輸出量の地域別最多は欧州連合(EU)を中心とした欧州の22・8トンで前年度比2・4倍に増えた。次いで米国・カナダの北米が14・7トン。香港、台湾のそれぞれ8・4トンが続く。前年度から最も伸びたのはアラブ首長国連邦(UAE)で、3・3倍の4・9トン。同国のドバイで21年10月~今年3月に開かれた万博の影響とみられる。
■米国のユーチューバーにも
好調を支えるのは、海外での流通体制の構築だ。輸出は12年2月のマカオ向けから始まり、アジアや欧米など23カ国・地域に広がる。ブランド管理の制度に基づく、レストランや精肉店の指定登録店も海外37カ国・地域に368店(22年7月時点)。国内と合わせた全784店のほぼ半数を占めるまでに拡大した。

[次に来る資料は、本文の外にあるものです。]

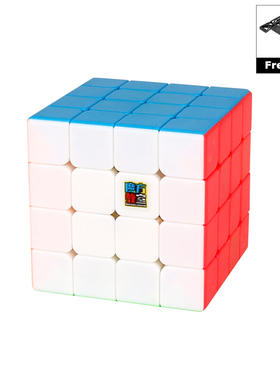 Moyu Meilong 2x2x2 3x3x3 4x4x4 Magic Cube Cubing Speed Magic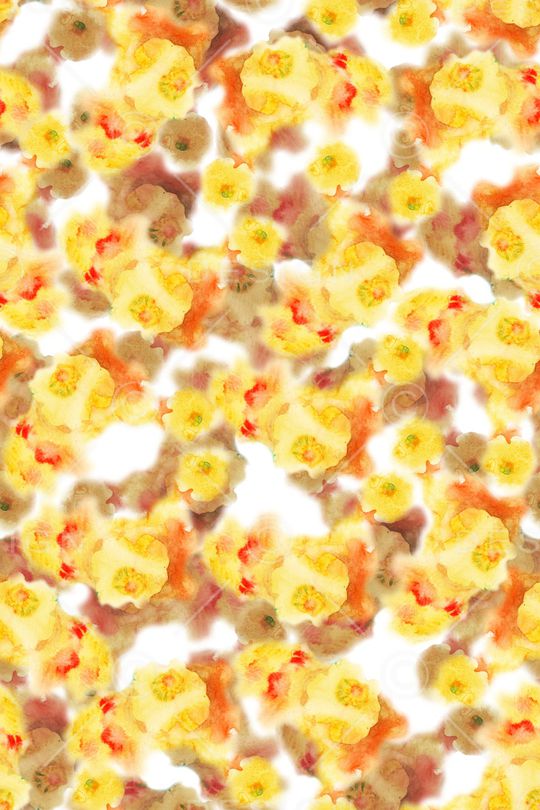 水彩印花华亿平台图片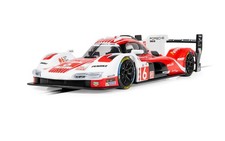 Scalextric slot car porsche - car,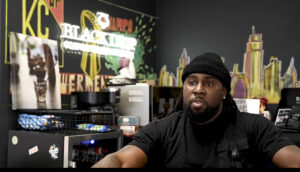 Black Drip Coffee black-owned business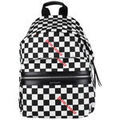 Sacs &agrave; dos sur Grenoble : Sac a dos Palm Angels Sac &agrave; dos Damier Blanc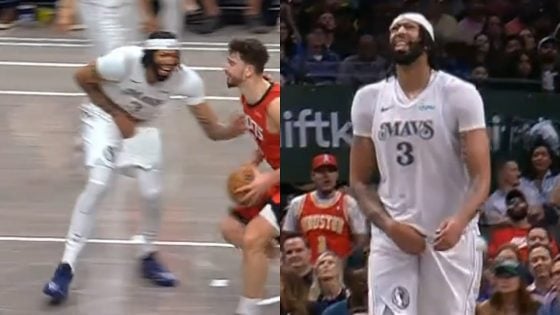 Insider provides latest update on Anthony Davis’ injury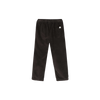 Jenest Comfy Pants Dark Fondant Brown – donkerbruine ribfluwelen broek voor jongens | Verkrijgbaar bij Little Fashion Addict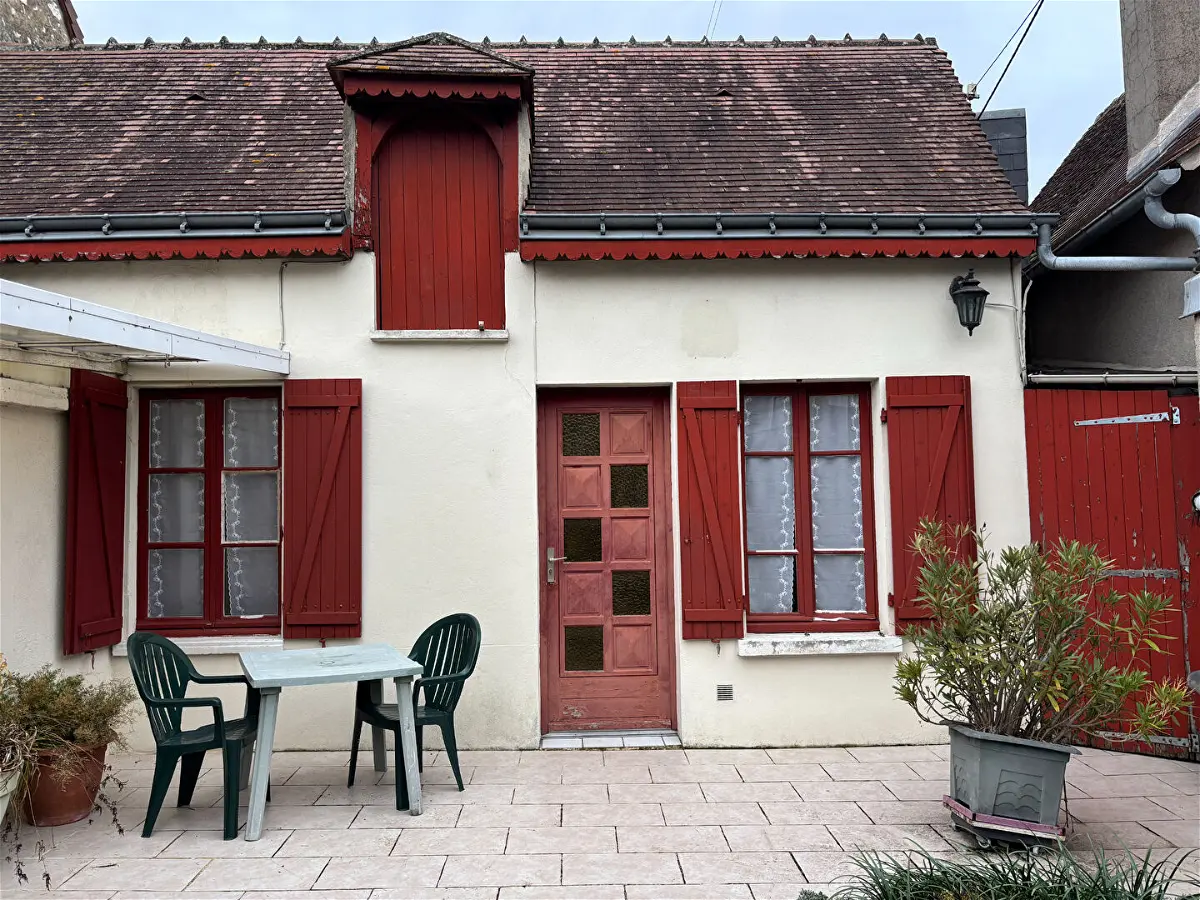 Achat maisonà LIGUEIL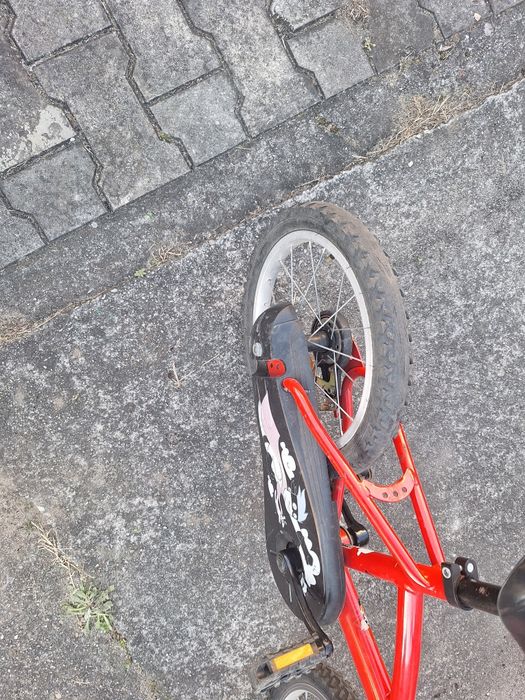 Rower betwin 16 cali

さらに21年度は、牛肉に加工する和牛マスター食肉センター(姫路市)や生産者、流通業者らが神戸ビーフの輸出を促進する共同事業体を発足させた。
米国やEUが輸入の要件とする「アニマルウェルフェア」(動物福祉)に配慮した飼育に取り組む。全日本空輸と連携し、日本-米国便ビジネスクラスの機内食に神戸ビーフの柳川煮を提供。米国のユーチューバーを使った情報発信も行ってきた。
■海外バイヤーを招待
コロナ禍が落ち着きを見せる中、22年度は海外でのプロモーションに力を入れる。11月からは欧米で、行政や料理店、メディアの関係者を対象に試食会を開く。来年3月には、海外のバイヤーを同食肉センターに招いた競りの開催も計画する。
輸出は22年度も好調が続く。神戸ビーフのブランド管理を担う神戸肉流通推進協議会の谷元哲則事務局長(61)は「効果的なPRを行うため各国の卸業者とも協力し、さらに神戸ビーフを広めたい」と意気込んでいる。